Juru bicara Polres Banyuwangi Ajun Komisaris Bakin membantah tudingan Hosanan. Ia mengatakan kepolisian wajib mengusut seluruh kejahatan tanpa melihat latar belakang terduga pelaku.
"Masyarakat ada yang mendukung, ada juga yang kontra. Polisi ada di tengah. Menegakkan hukum itu kewajiban kami. Kalau memang tidak cukup bukti, nanti pengadilan yang akan mengambil sikap terhadap perkara itu," ujar Bakin saat dihubungi dari Jakarta.
Tambang emas yang didemo Heri dan sebagian warga Banyuwangi itu dioperasikan PT Bumi Suksesindo. Area tambang perusahaan itu ditetapkan sebagai objek vital nasional. Pada 2017, mereka menargetkan dapat memproduksi setidaknya 100.000 ons emas.
Para penolak tambang itu, termasuk Heri, khawatir eksploitasi emas dapat merusak lingkungan tempat tinggal mereka, terutama menganggu ketersediaan air bersih masyarakat.
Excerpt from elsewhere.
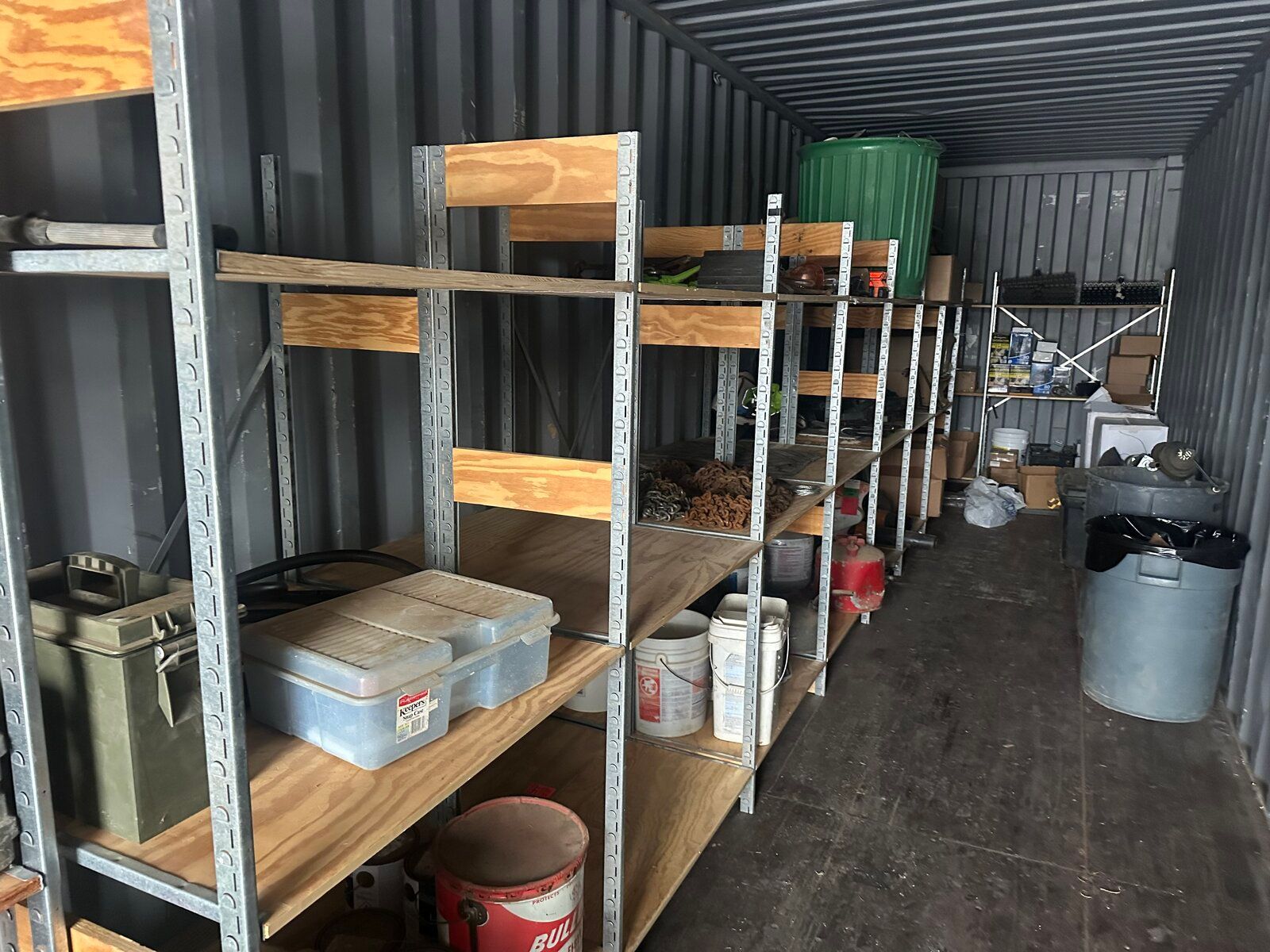 Storage shelves inside a long, narrow shipping container with various supplies, boxes, and bins.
MunirHak atas fotoAFP/GETYY IMAGES
Image captionWajah Munir kini kerap terlihat di sudut berbagai kota di Indonesia, dalam bentuk poster maupun mural. Gambar itu kerap disertai tulisan, "Ada dan berlipat ganda."
Tak berimbang
Peneliti KontraS, Yati Andriyani, menyebut kasus Heri serupa dengan kasus kematian Munir, pengacara HAM yang meninggal dunia akibat diracun arsenik dalam perjalanan Jakarta-Amsterdam di dalam pesawat Garuda Indonesia, 2004.
Merujuk kasus Heri dan pengungkapan kasus Munir yang berhenti di pencarian surat rekomendasi tim gabungan pencari fakta, pemerintah, menurutnya, masih terus menganggap pembela hak warga sebagai pengganggu stabilitas keamanan dan politik.
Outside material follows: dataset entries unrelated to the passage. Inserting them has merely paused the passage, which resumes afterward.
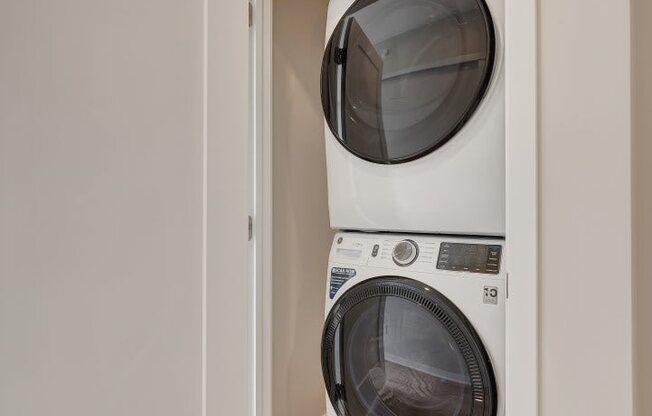 a washer and dryer in a small laundry room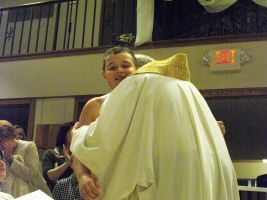 Person in a white robe and gold headpiece hugs another person in a hall.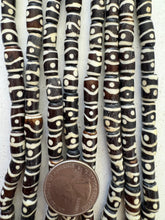 dark brown off white, dot line motif, vintage stock bone, 12x7mm barrel, 15" strand, SOLD PER STRAND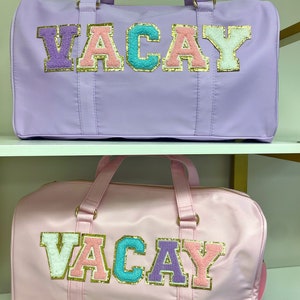 Pu&ograve; includere: Due borsoni da viaggio con la parola "VACAY" scritta in lettere colorate e pelose. La borsa in alto &egrave; lavanda e la borsa in basso &egrave; rosa.
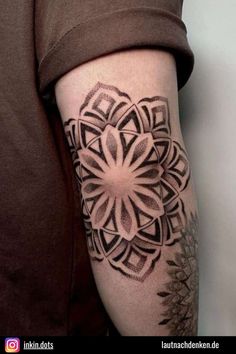 a woman's arm with a tattoo on it and an intricate flower in the center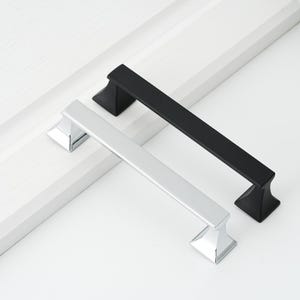 May include: Two cabinet pulls, one silver and one black, with a square design. The pulls are shown against a white background.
Ditambahkannya, pemerintah kerap menggunakan berbagai cara untuk menghentikan advokasi yang dilakukan pembela HAM.
"Kami menyayangkan isu komunis dijadikan alat untuk mengkriminalisasi pembela HAM. Ini menunjukkan watak pemerintah yang tak memahami kontribusi pembela HAM untuk negara," ujar Yati di Jakarta, Senin siang tadi.
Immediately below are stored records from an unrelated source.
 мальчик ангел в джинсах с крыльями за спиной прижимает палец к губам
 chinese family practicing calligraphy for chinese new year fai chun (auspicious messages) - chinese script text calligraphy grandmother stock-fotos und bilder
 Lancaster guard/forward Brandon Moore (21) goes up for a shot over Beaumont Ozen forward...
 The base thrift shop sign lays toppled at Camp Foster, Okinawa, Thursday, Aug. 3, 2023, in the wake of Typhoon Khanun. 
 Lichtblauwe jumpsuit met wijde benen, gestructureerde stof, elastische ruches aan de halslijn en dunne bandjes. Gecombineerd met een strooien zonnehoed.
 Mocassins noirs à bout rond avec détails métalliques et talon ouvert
MuchdiHak atas fotoAFP/GETTY IMAGES
Image captionMayjen (Purn) Muchdi PR divonis bebas dalam sidang kematian Munir. Kasus itu hanya menjerat eks pilot Garuda Indonesia, Pollycarpus.
Kepolisian, kata Yati, juga kerap tidak objektif saat menangani perkara yang berkaitan dengan masyarakat yang memperjuangkan hak mereka.
"Dalam banyak sengketa tanah antara petani dan korporasi, penegak hukum kerap berpihak kepada pemilik modal. Di sisi lain pemerintah menempatkan pembela HAM sebagai pelanggar kepentingan umum atau pelaku makar," tuturnya.
Pada tempat yang sama, Jaksa Agung periode 2001, Marsilam Simanjuntak, mengaku tak heran dengan sikap pemerintah yang diucapkan Yati. Ia menuturkan bahwa pemerintah terbiasa menjadikan kekacauan dan keadaan darurat sebagai alasan melakukan kekerasan.
"Masyarakat bereaksi dengan protes. Tapi oleh penguasa, protes itu akan dianggap dukungan terhadap sumber kekacauan yang telah ditanggulangi.
"Maka pembelaan itu pun dituduh mengganggu stabilitas atau pengkhianat yang harus dibasmi. Siklusnya begitu seterusnya," ucap Marsilam.